- Interactive map of Masa of Echo Park

Restaurant information
- Established: 2004
- Owners: Rob Rowe and Rhonda Reynolds
- Food type: Chicago-style pizza, Italian cuisine
- Location: 1800 W. Sunset Boulevard, Los Angeles, California, 90026, United States
- Coordinates: 34°04′39″N 118°15′35″W﻿ / ﻿34.0776°N 118.2597°W
- Website: masaofechopark.com

= Masa of Echo Park =

Restaurant and pizzeria in Los Angeles, California, U.S.

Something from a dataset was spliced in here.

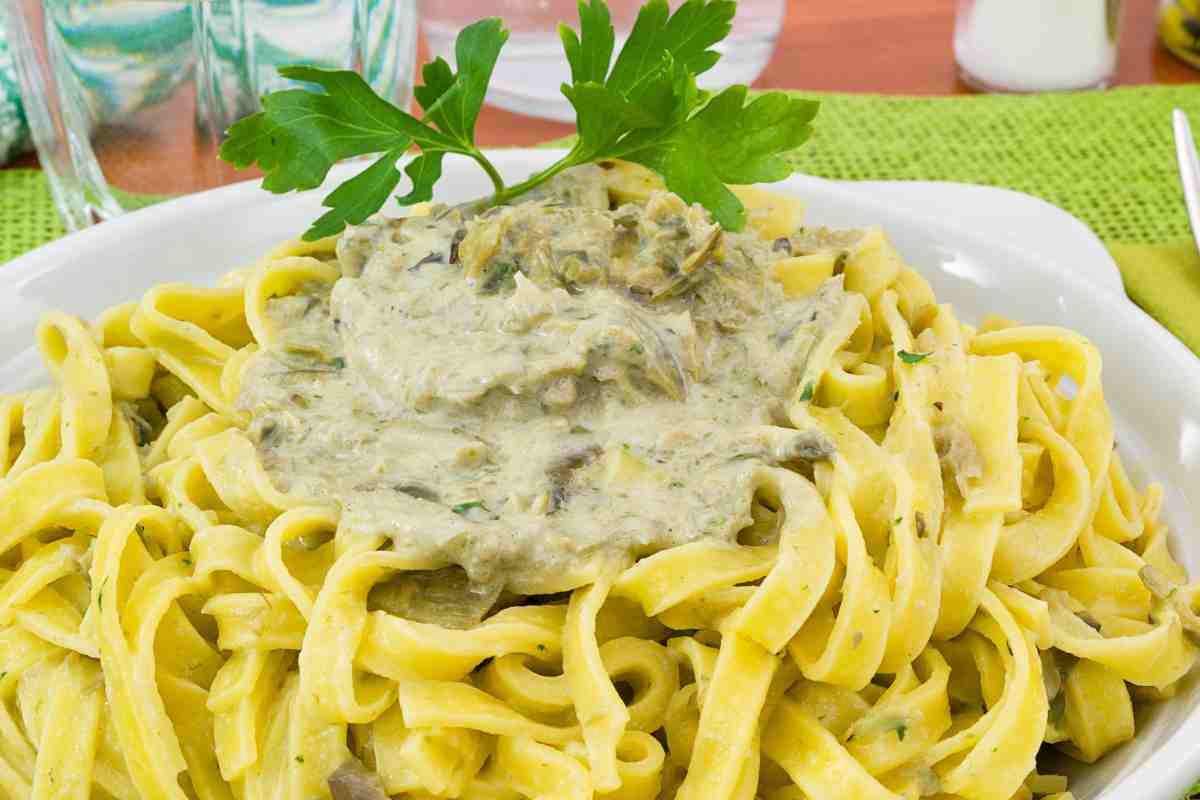 Piatto di tagliatelle con crema di carciofi e ciuffo di prezzemolo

Masa of Echo Park is an Italian restaurant, bakery, and pizzeria in Los Angeles, California. It is located on Sunset Boulevard in the city's Echo Park neighborhood. Founded by Chicago natives Rob Rowe and Rhonda Reynolds in 2004, Masa of Echo Park has been rated one of the best restaurants in the United States for Chicago-style pizza, according to Yelp.

Masa of Echo Park continues to be owned by husband and wife team Rowe and Reynolds, with the latter honored by U.S. Representative Adam Schiff in 2023 as Woman of the Year for California's 30th congressional district for her work with Masa and in the broader community. The restaurant also has a reputation for strong vegan options.